At one month pregnant, there is still not much visible physical change. The fetus is only about 6-7 mm big. This is very small and likened to the size of a rice grain.
The placenta develops during this period. This is an organ that supplies the embryo with nutrients and takes away waste products. In one month, the placenta is functional.
Dark circles for eyes, as well as the throat, mouth, and lower jaw start developing. Body systems like the blood circulation system also begin developing. Blood cells take shape in preparation for the circulation. Read on to learn more about the body’s changes at one month of pregnancy.
Mother’s Body at One Month
In one month, the embryo is still very small. But, how does it affect the body of the mother? However small it is, significant effects are felt by the mother. Physical changes may not be evident, but the feelings are still there.
The first thing that happens in the first month is missing your period. It is at this point that the body starts producing pregnancy hormones – hCG. The hormones signal to the ovaries to stop releasing eggs.
There is increased production of estrogen and progesterone, which are responsible for breast growth (increase in size). The pregnancy test also depends on the production of this hCG. It can easily be noticed in urine in one month.
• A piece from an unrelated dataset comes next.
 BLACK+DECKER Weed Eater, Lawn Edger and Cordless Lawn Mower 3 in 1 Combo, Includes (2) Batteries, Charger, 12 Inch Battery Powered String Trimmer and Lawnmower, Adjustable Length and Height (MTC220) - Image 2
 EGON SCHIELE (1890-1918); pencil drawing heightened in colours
During fertilization and implantation, the mother may only experience morning sickness as a major sign of pregnancy. At one month, the embryo and other supporting organs have developed. This in turn creates the following symptoms.
The organs begin to develop quickly after the first month. To cope with these rapid changes, the body begins preparations.
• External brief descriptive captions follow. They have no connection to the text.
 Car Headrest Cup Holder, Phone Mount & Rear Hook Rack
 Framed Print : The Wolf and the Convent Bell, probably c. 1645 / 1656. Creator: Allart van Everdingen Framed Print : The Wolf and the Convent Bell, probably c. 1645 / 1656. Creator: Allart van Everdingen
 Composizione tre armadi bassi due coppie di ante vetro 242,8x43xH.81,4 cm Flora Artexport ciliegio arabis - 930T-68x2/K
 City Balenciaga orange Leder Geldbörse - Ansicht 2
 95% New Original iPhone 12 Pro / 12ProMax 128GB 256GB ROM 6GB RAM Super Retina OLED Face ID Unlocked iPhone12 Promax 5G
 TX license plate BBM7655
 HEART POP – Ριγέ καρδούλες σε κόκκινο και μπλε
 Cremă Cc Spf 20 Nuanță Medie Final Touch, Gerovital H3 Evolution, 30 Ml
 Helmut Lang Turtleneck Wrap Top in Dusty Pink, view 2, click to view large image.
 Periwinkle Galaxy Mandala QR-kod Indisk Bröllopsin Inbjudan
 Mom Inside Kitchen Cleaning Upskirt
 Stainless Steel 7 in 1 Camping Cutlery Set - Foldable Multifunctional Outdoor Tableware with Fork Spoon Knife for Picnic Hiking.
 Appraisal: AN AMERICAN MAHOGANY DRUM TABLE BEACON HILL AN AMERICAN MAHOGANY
Your uterine wall starts thickening, which is the major cause of bloating. Bloating is a feeling of a full stomach with the production of gases.
This should not be confused with any complications that may arise. The bloating is mainly felt in the abdomen.
Light Spotting and Bleeding
Some women will experience a little bleeding or spotting. This is called implantation bleeding and should only last for a maximum of three days. Implantation takes place around this time.
Prolonged bleeding or too much blood is not normal, and it is important to consult a health provider if this occurs. Spots or bleeding that come later than one month are not considered implantation bleeding.
Mood swings set in at one month pregnant. These shifts and extreme emotions are triggered by increasing hormone production.
It happens in the first month and can also be experienced later in the third trimester. Sleep, massages, relaxation exercises, and maintaining a balanced diet are among the best remedies.
For appropriate exercises, consult your health provider about the exercises that best serve your body.
Despite the grain-sized embryo in your womb, the body will get tired. The body is working hard to ensure that your baby is in good shape.
This can happen in early mornings before even doing anything. Given the small size of the embryo, getting too tired is a sign of iron deficiency. Eating iron-rich foods is the remedy.
What to Consider
Consider creating a balanced diet at this point. Some nutrients may be required in higher amounts than the rest.
Iron and calcium should top the list. Iron can be achieved from cereals and spinach, while calcium can be achieved from yogurt, cheese, and milk.
Refrain from unhealthy practices, like smoking and drinking alcohol. Replace alcohol with water and other healthy beverages. Try to also avoid second-hand smoke, which is considered more dangerous than direct smoking.
Smoking will deform the embryo organs from their early stages. Try manageable exercises starting at one month of pregnancy to lower stress levels. As aforementioned, proceed with the exercise only when a healthcare provider approves.
At just one month into pregnancy, the baby will be so small you won’t see much of a difference in your size.
However, your body will start to change immensely from the inside out. Pay attention to these changes as you progress in your pregnancy.